A major heat wave has arrived just as the wind stopped blowing, creating a perfect storm for residents looking for relief from the blistering summer sun in the country’s second-largest state.
Wind power — a key source of electricity in Texas — is being sidelined just when the Lone Star State needs it most, with turbines generating less than a 10th of what they’re capable of.
A scorching heat wave is pushing the Texas grid to the brink. Power demand is surging as people crank up air conditioners. But meanwhile, wind speeds have fallen to extremely low levels, and that means the state’s fleet of turbines is at just 8% of their potential output.

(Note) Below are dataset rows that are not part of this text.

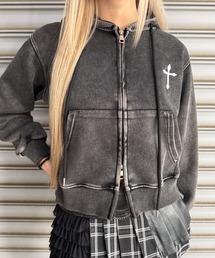 Figments | クロスショートジップパーカー(パーカー)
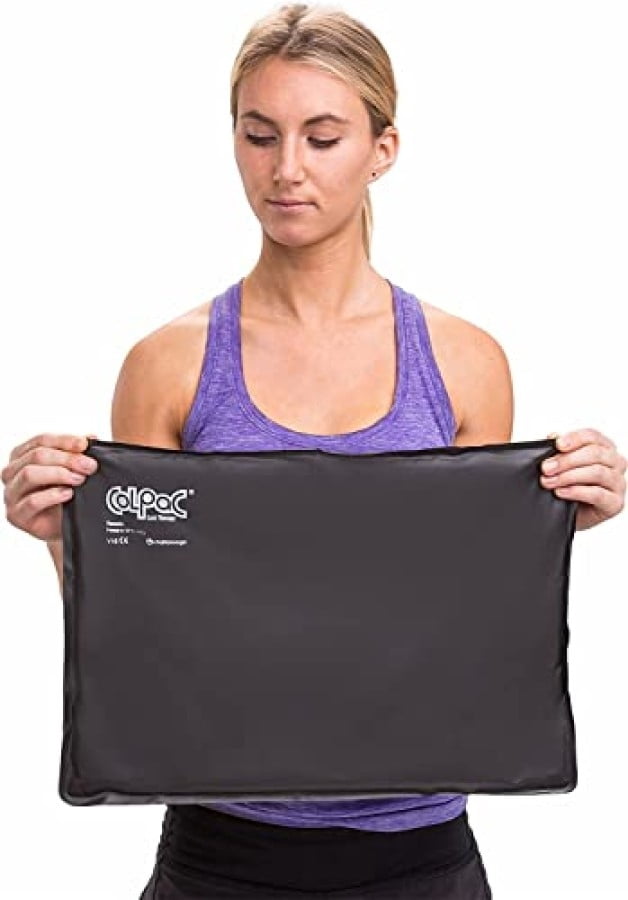 ColPaC\xc2\xae Black Urethane Cold Pack - oversize - 12.5" x 18.5"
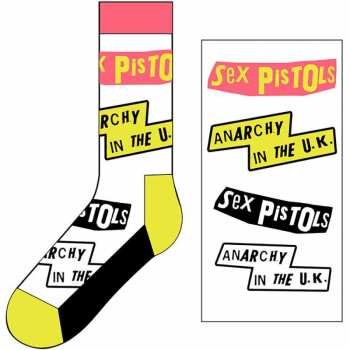 Merch Sex Pistols: Enkelsokken Anarchy In The Uk 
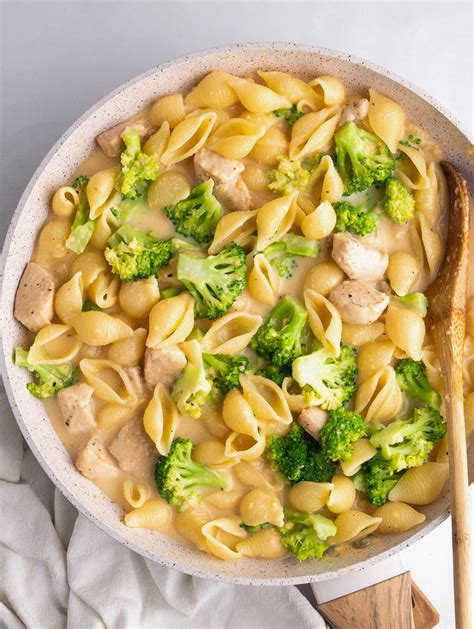 Cheesy Chicken Broccoli Pasta Shells – Cookin' with Mima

The energy quagmire resulted in the state’s electric grid operator, the Electric Reliability Council of Texas (ERCOT), being forced to issue a “conservation alert” asking consumers to take measures to save energy between 2 and 8 p.m. on Monday to avoid blackouts. In effect, that meant telling people to refrain from using their appliances and turning down their A/C in triple digit heat.

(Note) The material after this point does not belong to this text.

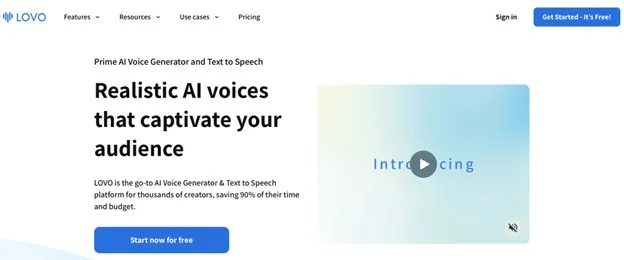 Искусственный интеллект: полезные сервисы и платформы картинка Lovo.ai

Fortunately for Texans, the grid held up, thanks in no small part to voluntary cutbacks from industrial power users and bitcoin miners in the state. However, the episode highlights the inherent risk involved in an energy transition devoted to weather-dependent renewables above all other resources, a strategy leaders here in Colorado seem quite keen on pursuing.
Lest anyone be tempted to chalk up the Texas grid strain to an insufficient commitment to rolling out renewables, here’s Bloomberg again to set the record straight:
Texas may be America’s oil and gas hub, but it’s also long been the country’s biggest wind-power state.
Doubling down on the deployment of renewable power generation cannot help you if an unexpected shift in weather can nearly bring the grid to its knees. Due consideration must be given to resource capacity factors when pursuing a reliable energy mix. Long term battery storage is not yet economical at scale, making an abundant supply of firm power from sources like natural gas or nuclear essential. Consumers must be able to continue powering their businesses and homes even on days where the thermostat begins to creep up.
If Colorado’s advocates of intermittent wind and solar power won’t acknowledge this fact, then its elected political leaders must. It truly is a matter of life and death.